La petite Chuyia, âgée de 7 ans, mariée à un homme malade et beaucoup plus âgé qu’elle se retrouve rapidement veuve ; la petite fille est renvoyée sans ménagement dans sa famille et ensuite, menée dans cette « maison des veuves » à Benares, au bord du Gange. L’enfant ne comprend pas ce qui lui arrive, elle ne sait pas que selon les écritures dites saintes, elle est supposée finir ses jours dans cette communauté de femmes résignées à leur sort, vieilles pour la plupart.
Elle reste persuadée que sa mère viendra bientôt pour la ramener à la maison.

Bien vite, la petite fille, espiègle et pas décidée à accepter la vie qu’on lui impose, se révolte contre Madhumati, la plus forte des veuves qui s’érige en maîtresse de la communauté ; c’est une femme dure, méchante, sournoise qui en impose à tous sauf à Chuyia, à la calme Shakuntala et à la jeune et très belle Kalyani.

Pourtant une nouvelle loi a été promulguée, permettant désormais aux veuves de se remarier avec un homme de leur choix. Personne ne l’a dit à ces femmes, tant il est vrai que pour les religieux de tout acabit, il est tellement plus simple facile de ne parler que des lois qui les arrangent bien.
C’est Narayan, un jeune juriste, disciple du Mahatma, qui souhaite épouser Kalyani dont il est tombé amoureux qui en parlera. La mère du jeune homme est choquée par cette union, chez les brahmanes, les nouvelles lois et les théories de Gandhiji sont peu populaires.

Est-il possible de rompre les traditions ancestrales aussi facilement ? Même la douce Kalyani a peur de les enfreindre, d’autant plus qu’elle n’appartient guère à la même caste que le jeune homme, mais l’amour que lui porte Narayan fait tomber ses réserves, jusqu’au moment d’arriver à sa maison.

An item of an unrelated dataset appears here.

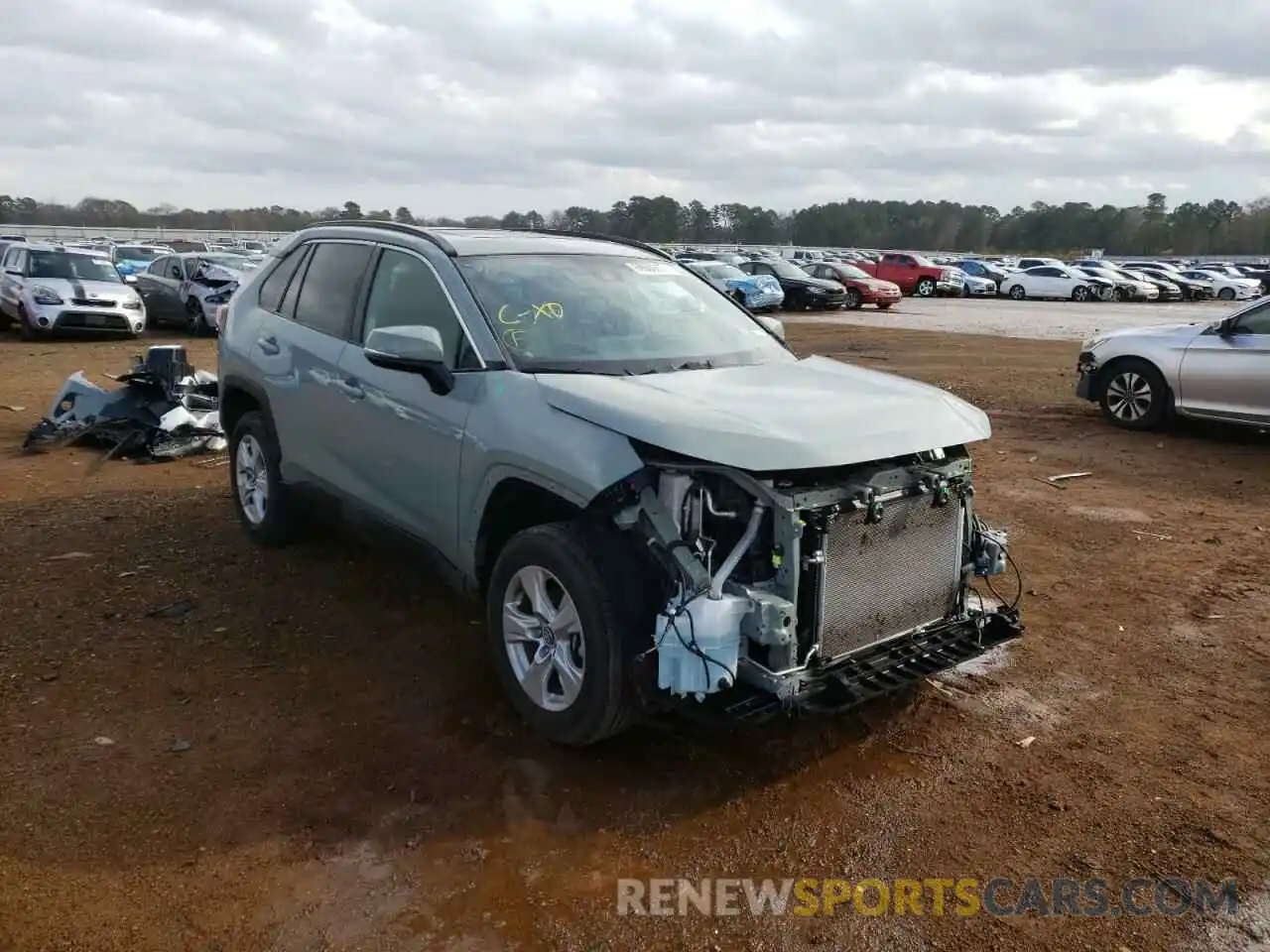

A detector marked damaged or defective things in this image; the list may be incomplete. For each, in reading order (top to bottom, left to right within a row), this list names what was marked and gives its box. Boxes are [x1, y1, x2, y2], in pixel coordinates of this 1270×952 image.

damaged silver suv [218, 223, 1021, 746]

Car ce qu’ignore Narayan est que de l’autre côté du fleuve, dans la maison cossue qui borde le Gange et où vivent les parents de son amoureux, la jeune veuve est régulièrement emmenée par le castrat Gulabi à la solde de Maddhu, pour être livrée au père. Pour cette femme odieuse, vendre la plus jolie de ses cohabitantes est une manière d’avoir plus de confort. Et pour les religieux de peu de scrupules, avoir une veuve pour maîtresse n’est pas un péché ! Kalyani après avoir subi les humiliations de la maquerelle, ne survivra pas à cette épreuve mise sur son amour.

A côté de cette romance digne de “Romeo & Juliette” en toile de fond, la réalisatrice Deepa Mehta aborde une fois encore le poids des traditions religieuses pesant sur son pays d’origine.

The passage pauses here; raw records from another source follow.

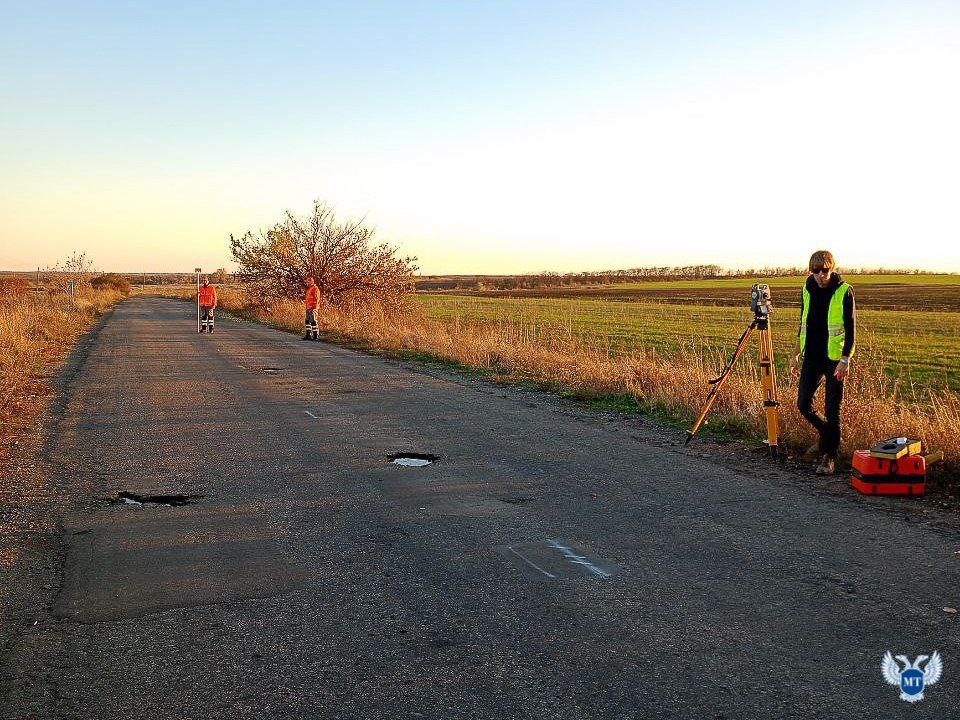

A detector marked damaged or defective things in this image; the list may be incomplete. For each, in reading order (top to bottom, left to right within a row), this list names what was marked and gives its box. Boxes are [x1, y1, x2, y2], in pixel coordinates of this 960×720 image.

pothole [386, 452, 438, 470]
pothole [109, 490, 199, 506]
cracked asphalt road [0, 296, 956, 716]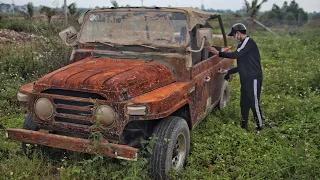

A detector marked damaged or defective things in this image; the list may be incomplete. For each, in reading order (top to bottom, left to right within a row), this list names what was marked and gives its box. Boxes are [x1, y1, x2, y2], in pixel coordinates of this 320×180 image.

rusty metal surface [33, 58, 174, 102]
rusty hood [33, 57, 175, 100]
rusty vehicle [6, 6, 234, 179]
rusty metal surface [7, 128, 138, 160]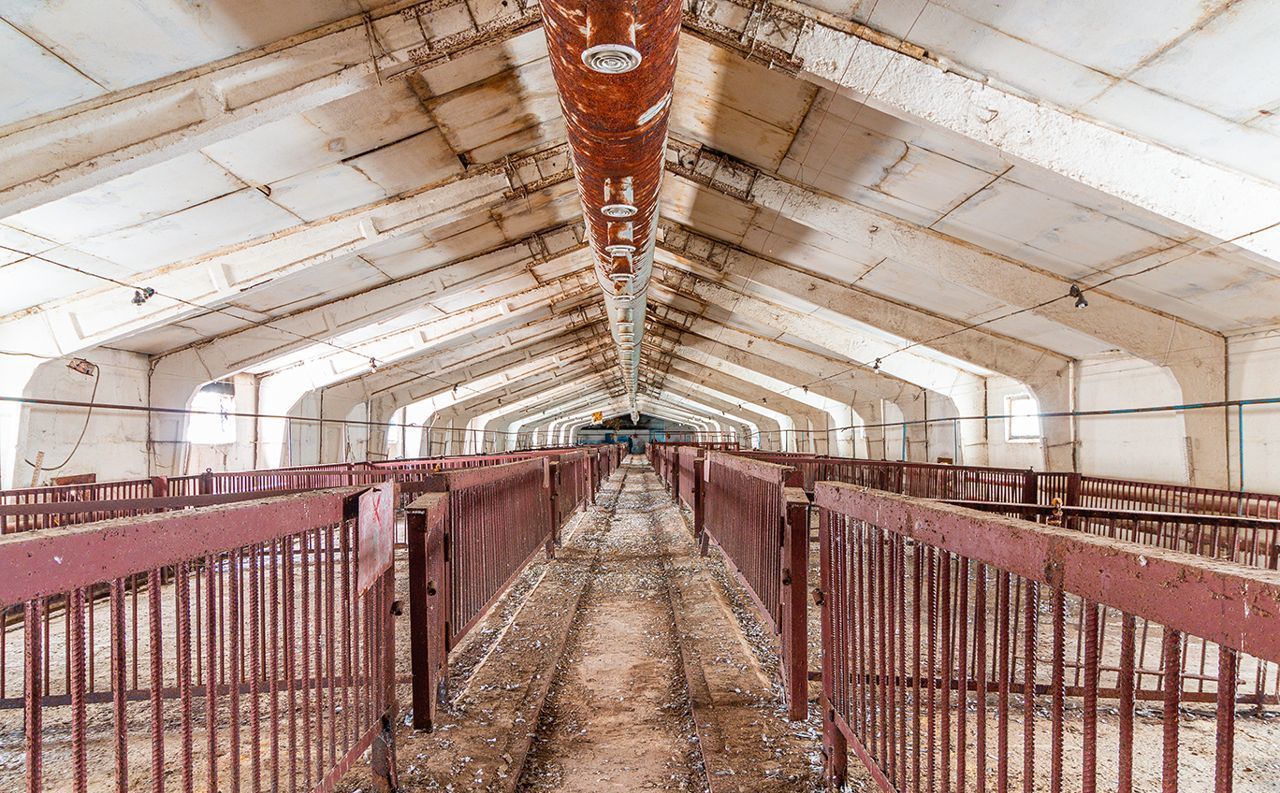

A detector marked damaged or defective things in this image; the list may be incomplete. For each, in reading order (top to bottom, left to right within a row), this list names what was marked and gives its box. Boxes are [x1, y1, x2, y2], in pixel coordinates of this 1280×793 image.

rusty pipe [536, 0, 680, 420]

Avec l’arrivée au sein d’une communauté de veuves au crâne rasé, traitées en paria, en intouchable, dont l’ombre ne peut en aucun cas « toucher » une femme jeune en âge de se marie, sous prétexte de lui porter malchance, de l’enfant curieuse, espiègle, tendre qu’est la petite Chuyia, certaines de ces résidentes vont réfléchir, se poser des questions comme Shakuntala, calme, sérieuse, croyant jusqu’alors fermement aux écritures.

Mais comment lutte-t-on contre un mode de vie tyrannique et dépassé ? car d’après la réalisatrice, aujourd’hui encore les veuves indiennes sont mises au ban de la société, doivent mendier pour subsister. Personne ne les aide, ne les protège.

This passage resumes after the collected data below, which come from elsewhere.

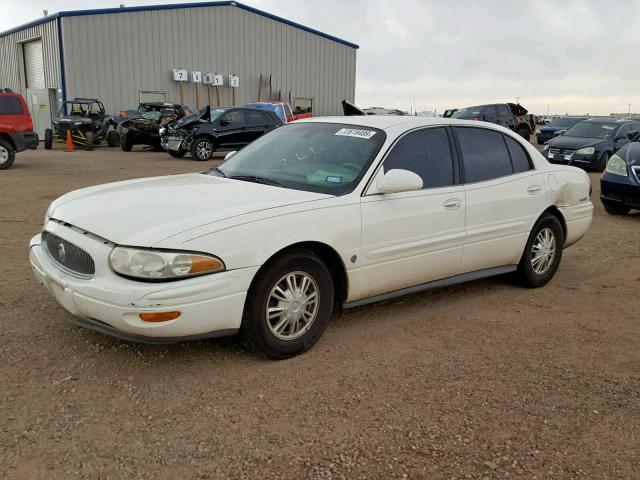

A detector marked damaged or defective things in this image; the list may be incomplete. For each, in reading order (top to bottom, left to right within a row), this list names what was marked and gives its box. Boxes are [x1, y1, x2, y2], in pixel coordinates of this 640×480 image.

damaged vehicle [44, 100, 118, 153]
damaged vehicle [119, 102, 191, 151]
wrecked car [118, 102, 192, 151]
damaged vehicle [160, 105, 280, 161]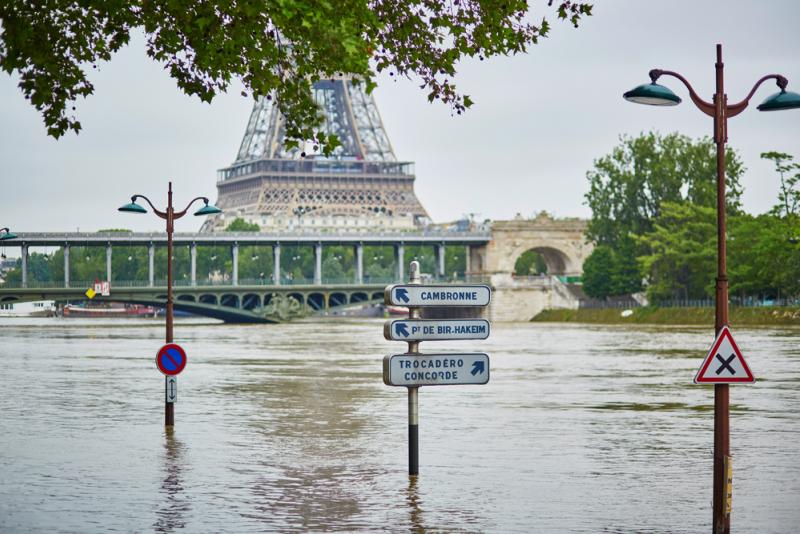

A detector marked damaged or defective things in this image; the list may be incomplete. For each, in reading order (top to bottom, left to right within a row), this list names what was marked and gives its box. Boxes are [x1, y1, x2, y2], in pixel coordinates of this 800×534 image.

rusty metal pole [712, 45, 732, 534]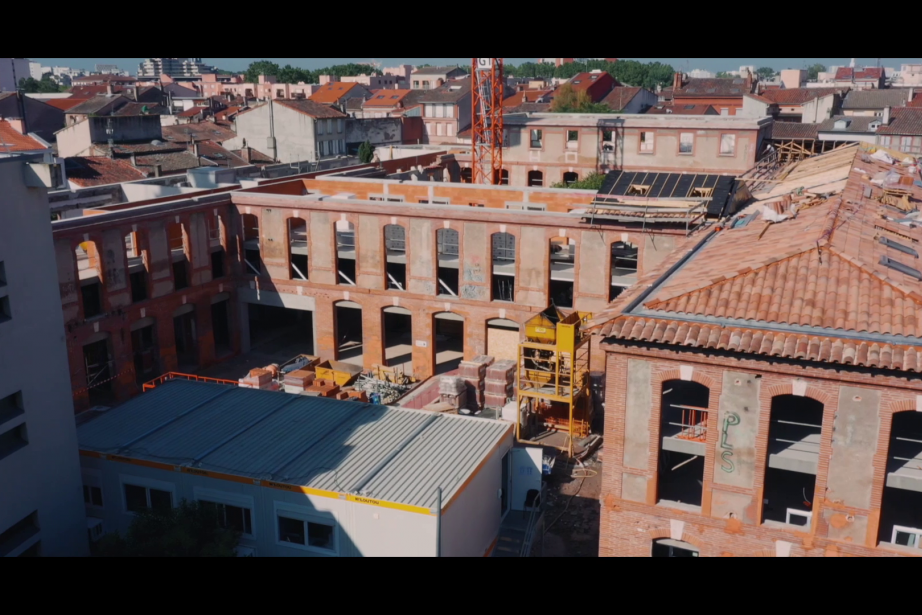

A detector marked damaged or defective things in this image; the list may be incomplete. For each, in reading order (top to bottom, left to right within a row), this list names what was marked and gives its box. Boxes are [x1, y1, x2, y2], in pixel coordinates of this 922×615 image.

damaged roof [584, 146, 920, 370]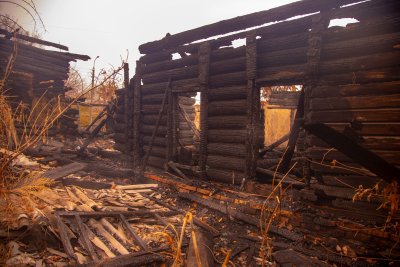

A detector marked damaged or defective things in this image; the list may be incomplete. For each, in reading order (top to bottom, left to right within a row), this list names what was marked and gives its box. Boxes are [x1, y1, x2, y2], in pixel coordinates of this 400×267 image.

burnt timber beam [304, 123, 400, 184]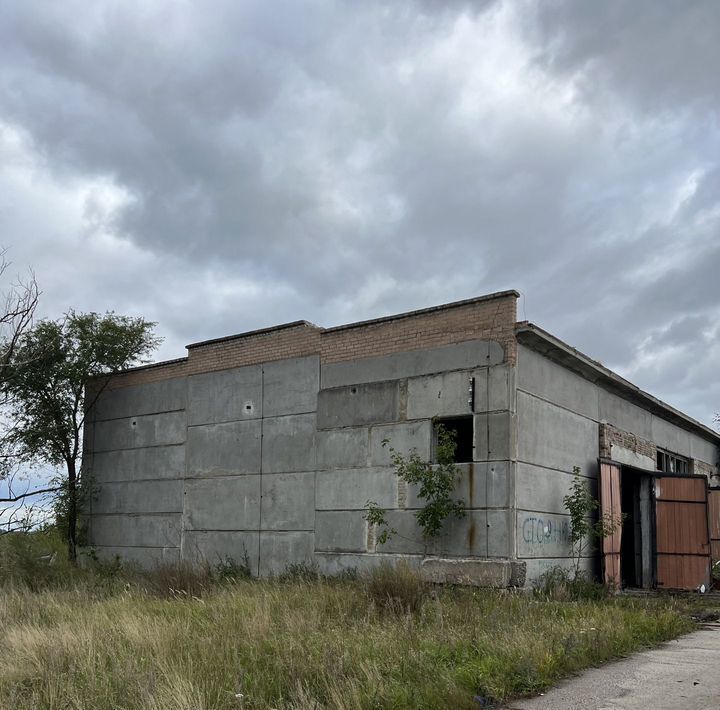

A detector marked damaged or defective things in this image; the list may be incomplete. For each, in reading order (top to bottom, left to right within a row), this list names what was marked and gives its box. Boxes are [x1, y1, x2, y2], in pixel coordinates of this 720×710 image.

broken window [434, 418, 472, 468]
broken window [656, 454, 688, 476]
rusted door [600, 464, 620, 588]
rusted door [656, 482, 712, 592]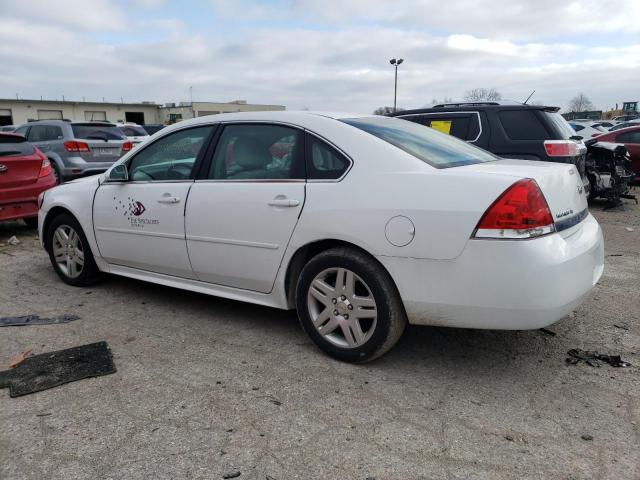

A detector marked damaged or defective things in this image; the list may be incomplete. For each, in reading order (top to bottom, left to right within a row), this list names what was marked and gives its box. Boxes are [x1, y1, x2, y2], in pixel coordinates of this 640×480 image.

damaged red car [0, 132, 56, 228]
cracked asphalt [0, 197, 636, 478]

J’ai été, et suis encore, totalement sous le charme de ce film ; non seulement l’histoire, bien que dramatique, est très belle, mais les images surtout sont superbes, on a l’impression de feuilleter un magnifique livre d’images, tout en apprenant quelque chose sur les traditions ancestrales d’un pays qui s’y accroche pour le malheur des plus démunis.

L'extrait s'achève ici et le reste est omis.